In a statement that “China is not America’s problem”, Biden said, “we don’t have to worry about it,” and “China’s economic difficulties are real: “We are now in a situation where he (Xi Jinping) wants to have a relationship again.” If the US president had confined himself to these words, things could still be written off as a habit of empty bluster, but Biden chose to recall the reasons for the cancellation of Blinken’s visit in February this year. Back then, the Americans shot down a Chinese balloon over their territory – a meteorological balloon, as they say in Beijing, and a reconnaissance balloon, as they claim in Washington. The story is now a thing of the past, but the US president could not stop the flow of his eloquence: “The reason Xi Jinping was very upset when I shot down this balloon with spy equipment on two freight cars was because he didn’t know the balloon was there… I mean it. Dictators get very confused when they find themselves unaware of what happened. It shouldn’t have happened where it did… And he didn’t know about it. When it was shot down, he was very confused and denied that the balloon was even there.”
So Biden managed to insult Xi twice by calling him a dictator, and incompetent (he didn’t know what his subordinates were doing), and also made him look embarrassed and in denial about reality. Just an ingenious summation of the Secretary of State’s visit.
Beijing immediately expressed its displeasure and strongly protested: the Foreign Ministry said the statements by the American side were “highly absurd, highly irresponsible, contrary to facts, a serious violation of diplomatic etiquette, a serious attack on China’s political dignity and an open political provocation”.
It is understandable that one would expect anything from a politician who first called Vladimir Putin a “murderer” and then a “bloody dictator”, but in this case one is surprised at the completely illogical timing of the personal insults. Why would Biden make such a speech now? Theories immediately emerged that he did it deliberately. Supposedly, in Beijing Blinken proposed something to the Chinese, they responded, in Washington they thought and thought about it and found it unacceptable, so Biden let his tongue loose. The assumption is bizarre, to say the least, and contrary to everything we know about the state of Sino-US relations and the personality of the US President.
That is the problem: Biden did not put any meaning into his statements; he simply chose to say what he thought without bothering to think about how this would be received in Beijing. And that is much worse – not just for Sino-US relations.

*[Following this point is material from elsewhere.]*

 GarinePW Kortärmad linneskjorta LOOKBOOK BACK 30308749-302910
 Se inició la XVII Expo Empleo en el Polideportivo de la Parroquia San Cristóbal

Biden is a very experienced politician – he has indeed been in international relations for half a century. But his view of the world order does not coincide disastrously with reality: he believes America will continue to lead humanity and rule the world. Yes, it is now being challenged by revisionist powers like China and Russia, but the US will be able to unite the democracies of the world and fight back against authoritarian regimes and personally dictator Putin and Xi. This conviction is at the heart of Biden’s worldview, and so he says what he wants and what he thinks on the basis that US dominance is unshakable and the only thing that truly threatens it is internal division (and the rise to power of anti-globalists like Trump, whom Biden already calls simply “semi-fascists”).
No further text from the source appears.